Thomas Edward (1814–1886) was a Scottish naturalist born in Gosport. He was trained as a shoemaker and eventually settled in Banff, where he devoted his leisure time to the study of animal nature, and collected numerous specimens of animals, which he stuffed and exhibited, but with monetary loss. Samuel Smiles, his biographer, describes him as "one of those men who lived for science, not by science."

The Queen's attention being called to his case, she settled on him an annual pension of £50, while the citizens of Aberdeen presented him in March 1877 with a gift of 130 sovereigns (£130).

The story of his life and work was recorded in Life of a Scotch Naturalist, Thomas Edward, associate of the Linnean Society, written by Samuel Smiles, illustrated by George Reid and published by John Murray in 1876 (nine editions were published between 1876 and 1889).

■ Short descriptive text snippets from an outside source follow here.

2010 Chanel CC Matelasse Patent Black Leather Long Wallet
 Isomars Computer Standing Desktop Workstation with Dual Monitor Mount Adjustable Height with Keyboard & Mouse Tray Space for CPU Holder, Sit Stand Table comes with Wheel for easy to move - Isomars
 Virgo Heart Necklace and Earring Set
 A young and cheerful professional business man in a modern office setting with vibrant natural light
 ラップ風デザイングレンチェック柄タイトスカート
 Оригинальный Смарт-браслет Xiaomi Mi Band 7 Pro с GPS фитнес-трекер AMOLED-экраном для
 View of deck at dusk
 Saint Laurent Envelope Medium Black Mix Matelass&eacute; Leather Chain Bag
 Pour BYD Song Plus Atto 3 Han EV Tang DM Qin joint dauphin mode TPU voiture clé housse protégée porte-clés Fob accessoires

His portrait is held in the National Portrait Gallery.

To give an example of the importance of his contribution to science, Smiles states that A History of the British Sessile-eyed Crustacea by Charles Spence Bate and John Obadiah Westwood (published in two volumes; 1863–1868) contains information on 177 species that were collected by Edward in the Moray Firth, of which twenty were new to science.

Edward contributed to The Zoologist over a long period. For instance in 1859 he wrote a small notice about the "occurrence of the Great Ash-coloured Shrike (Lanius excubitor) in Banffshire." In 1877 he wrote messages about "Asterina gibbosa on the coast of Banffshire" and about the "Bearded Tit and Hawfinch in Aberdeenshire."

== Sources ==
- Smiles, Samuel (1876). "Life of a Scotch naturalist, Thomas Edward, associate of the Linnean Society" (review in: The Zoologist, 3rd series, vol 1 (1877), issue 2, February—section 'Notices of New Books,' pp. 71–76.)